Kara, we just got this super nice email about 90s womanhood from a hot chick born in 1990, making her almost young enough to be our daughter (gah!). She says:
As a member of ‘Generation Y’ (aka Generation Y Bother/ Y Care/ Y Don’t You Understand That I’m Entitled), and as someone who wasn’t born until the year 1990, I’ll admit that upon first encountering your 90swoman blog, I brushed over it, not making an effort to build a connection between myself (the 90s girl, technically) and a woman who, as the ’90swoman’ title suggests, is from a generation that I was too young to understand, who fought very different battles to me, against enemies who were probably dead already. I mean, how could I have related to a woman whose girl power ideologies had long been expired on the shelf of modern civilization? After all, I wasn’t even a feminist.
And as a non-feminist, I found myself, soon after, wondering why I was angry with my body for not being a size 2.
As a non-feminist, I found myself frustrated that menstruation is still taboo.
As a non-feminist, I found myself shaving my legs and armpits, a ritual I’ve been devoted to since puberty, and realized that I’d never once questioned the practice.
And finally, as a non-feminist, I returned to your blog. And then officially converted.

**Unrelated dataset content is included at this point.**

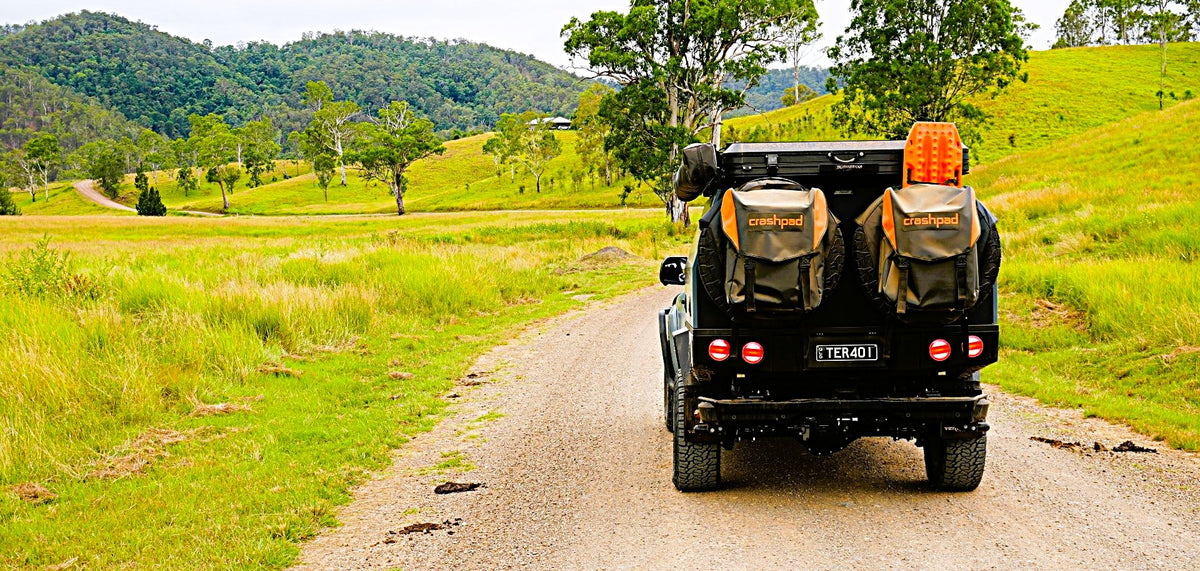 Ute with Crashpad wheel bags on a bush track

Thank you both so much for doing what you’re doing. I’ve come to realize, and learn, that there are so many issues we feminists still need to focus on and help others understand. My generation, often seemingly sedate, appears to have dropped the ball on feminism, but I have a sneaking suspicion many of them are feminists without realizing it, as I was.
And she sent over a life-size couture gown she adorned with tampons and pads that she dyed red. It’s called “Period Piece”. The next generation of feminists is doing just fine.